Intellectually and emotionally it disturbed me see all these changes that had occurred though the years, because it forced me to face the fact that these changes must be continuing.  Doctrines are changing now.  Worship and sermons are changing.  Views of right and wrong are changing now.  Our very understanding of the Bible is changing now.  My own reaction to these facts makes it easy for me to understand why some people are screaming, “Stop!”  but if I have any intellectual integrity, I must admit that there is nothing about the current state of the church that makes it worthy of being enshrined as the absolute "right way" to believe or behave.  It makes no more sense for me to want to freeze Christianity in its current form  today in 2014 than it would be for someone in the Roman Catholic Church 500 years ago.  The truth is that long after I’m gone, Christianity will continue its evolution and what people believe about Christianity in 500 years will be so much different than what I think it is today.
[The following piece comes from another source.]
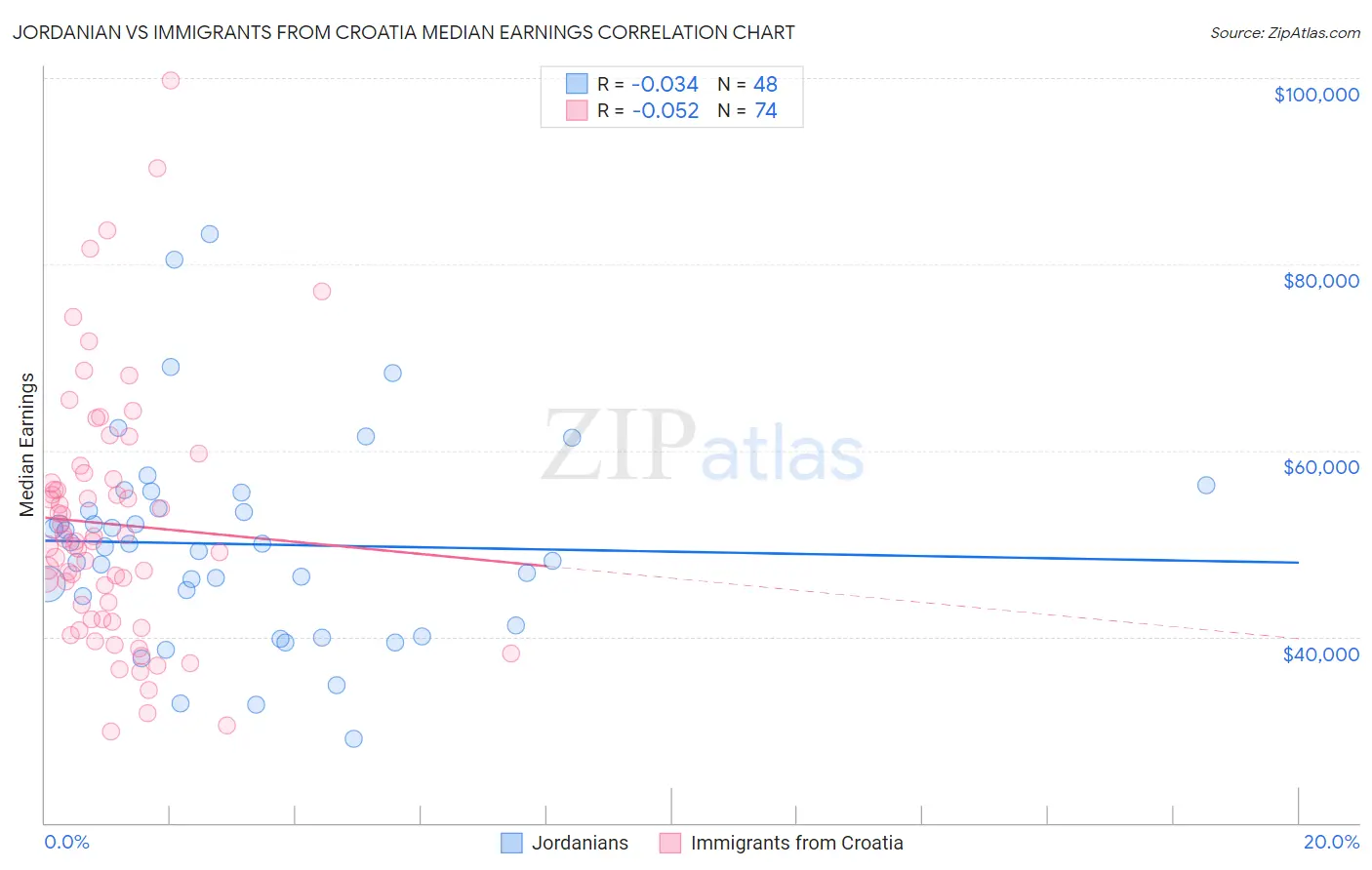 Jordanian vs Immigrants from Croatia Median Earnings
I am seeing that religion evolves in many ways similar to biological species.  Instead of actual DNA, churches have traditions, doctrines, and morality.  They have forms of worship, art, liturgy, ecclesiastical structures, and sacraments, and of course they have interpretations of their Scriptures.  And just as DNA is never transcribed perfectly from one generation to another biologically, so the passing down of religion from one generation to another is never completed without some small (and sometimes large) "mutations".   Some changes take hold and continue to be passed down while other changes result in a parish or church dissolving so that those changes are “lost” in history.  As I have learned about the role of Constantine, The Great Schism, The Reformation, etc.  I see that some churches survive and thrive while others are eliminated and forever lost.  John Calvin, Martin Luther, and John Wesley made enduring changes to the Protestant church (resulting in the formation of many new denominations).  Most evangelicals even know the names of John Smith of the Mormon Church or Mary Baker Eddy of Christian Science even if they vehemently disagree with the radical changes that these people instituted.  And there are undoubtedly countless well-meaning pastors whose names will never be known because their changes were small or their churches "failed" after some change or another was made.
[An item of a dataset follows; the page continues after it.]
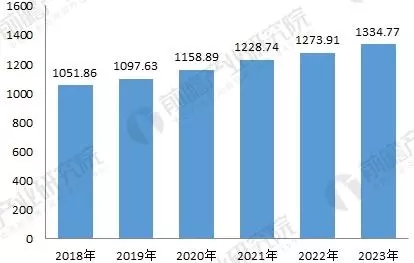 手表包装盒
Is God orchestrating all of this?  Should I try to believe that God willed all the successful (and often contradictory) churches to thrive and simultaneously willed all the failures to go extinct?  In other words, is a church's survival the mark of God’s approval?  Is He more pleased with my evangelical church today than a Puritan church of the colonies?  Is God more pleased with evangelical churches than mainline Protestant churches?  Is He more pleased with Protestant churches than Catholic?  Catholic than Greek Orthodox?  Mormonism?  Amish?  Islam?  Hinduism? 


Is God intervening and choosing winners and losers?  I don’t think so.  I am not ready to deny that God’s purposes are working throughout history, but I can’t ignore the facts.    And if it is not God who is determining which churches thrive and which churches whither, another question looms large for me.  What is determining which changes in religion survive, and which changes fail?  Or to put it another way, why is the church the way it is today?  Why do we do the things we do?  Why do we believe the things we believe?  Is it because they are the right things that God wants me to believe?  Or is it simply because by acting and believing in these particular things these churches/religions were more likely to attract and retain members and therefore survive to pass on their beliefs to the next generation?